THE PROBLEM: Reproduce the full listing exactly.

GIVEN RECORDS:
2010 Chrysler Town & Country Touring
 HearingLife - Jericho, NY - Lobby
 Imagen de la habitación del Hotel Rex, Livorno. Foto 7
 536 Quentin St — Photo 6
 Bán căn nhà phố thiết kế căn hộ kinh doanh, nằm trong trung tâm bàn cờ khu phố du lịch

RESULT OF THE TASK:
2010 Chrysler Town & Country Touring
 HearingLife - Jericho, NY - Lobby
 Imagen de la habitación del Hotel Rex, Livorno. Foto 7
 536 Quentin St — Photo 6
 Bán căn nhà phố thiết kế căn hộ kinh doanh, nằm trong trung tâm bàn cờ khu phố du lịch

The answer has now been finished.